#### Source data
+-------+

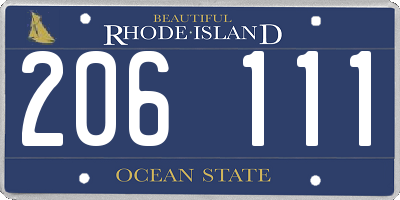 RI license plate 206111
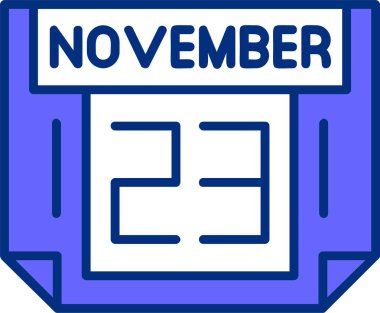 23 Kasım tek gün takvimi, web simgesi, basit vektör illüstrasyonu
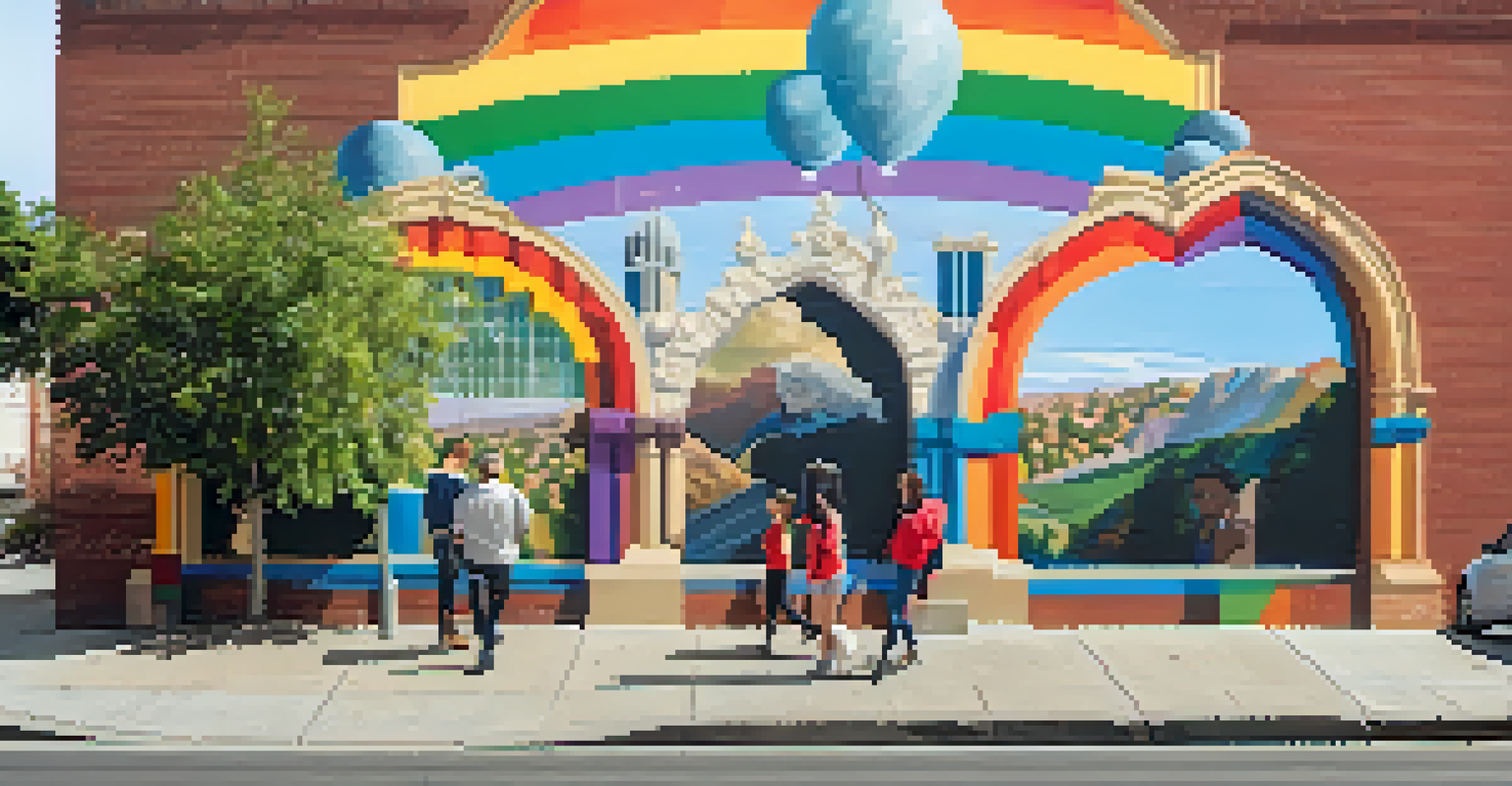 A colorful mural representing LGBTQ+ identity on a brick building in Pasadena.
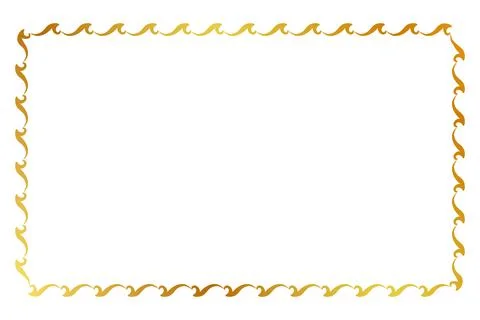 Simple seamless vector gold golden rectangle hand draw sketch floral border Illustrazione stock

+-------+

#### Activity
In the data above, find the line containing "A colorful mural", then output it and every later line exactly, without the pictures.

#### Response area
 A colorful mural representing LGBTQ+ identity on a brick building in Pasadena.
 Simple seamless vector gold golden rectangle hand draw sketch floral border Illustrazione stock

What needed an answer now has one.